Grammatically poor sample sentences

Here’s a question: at what point is it no longer useful to get additional recordings of a sentence? I know DeepSpeech only uses one recording of a sentence. Even if someone else can make use of additional copies, there must surely be a point of diminishing return.

So essentially my question is: is it worth even bothering to import the old sentences that have existed for years and been recorded countless times already? Maybe they should just be retired once Sentence Collector has amassed a certain number of new sentences.

Here’s the situation I encountered while reviewing Greek sentences: it seems that the ones in there are fragments from a number of books. I couldn’t recognize the source of the ones I got just now (“Ας πούμε το άλφα είναι το πιο τυχερό”, “Μπορεί να ζευγαρώσει με ένα σωρό άλλα γραμματάκια”, “και σύμφωνα και φωνήεντα”) but it’s obvious that it’s a sentence from some existing text cut in three pieces at punctuation boundaries. This creates pieces of grammatically correct but incomplete language and, of course, not sentences that would appear in a regular speech corpus.

I found the source of couple of other sentences I got: it’s from the book “Παραμύθι χωρίς όνομα” which seems to be in the public domain (the author died in 1941) but it suffers from the same problem.

I’m not sure it makes sense to continue reviewing Greek sentences if the whole set is like this… I could just downvote everything that’s not a complete sentence, but even those seem ill-fit for the purpose and, if we can’t recognize the source, there could be copyright problems with them.

Might some “quick and dirty” automated screening of sentences be possible by use of the kind of language models used by DeepSpeech on the sentences submitted?

KenLM etc work by giving you the probability of a sentence and if the model is big enough to be representative then it should get that probability reasonably accurately and in turn might you find a threshold below which things are either excluded or flagged to the user.

Typically they would give sentences with spelling mistakes much lower scores. There is some risk of legitimate sentences being hit, but perhaps at the margins that’s not such a big deal (since this is to produce a dataset for pronunciation not to represent every phrase possible)

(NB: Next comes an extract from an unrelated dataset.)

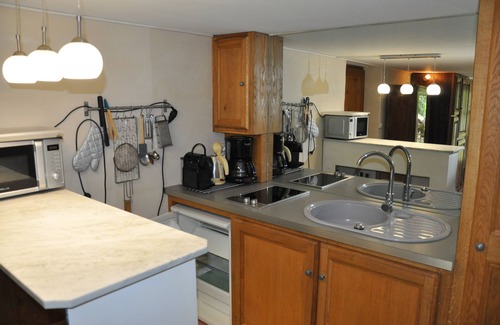 La Boissiere-d’Ans House | The private ANGEL house in the "Barsac" park in the countryside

These models tend to be quick to run (for the probabilities, not to create), so am hoping it could be tacked on without killing the user experience. And whilst I agree something sophisticated like @jf99 envisages would be great, with the resources / time available, “good enough” may be more practical :slight_smile:

Finally, I see some LMs also let you see the probabilities of individual words within a sentence, such as here: https://colinmorris.github.io/lm-sentences/#/, so perhaps a heuristic could be used to filter (and this may provide a cheap way to flag to users the problem word(s) in a simple manner)

As we have just announced today, in the coming weeks we will ask for help to improve how we extract valid sentences from large sources of data

Anything to improve our algorithms is more than welcomed :slight_smile:

Cheers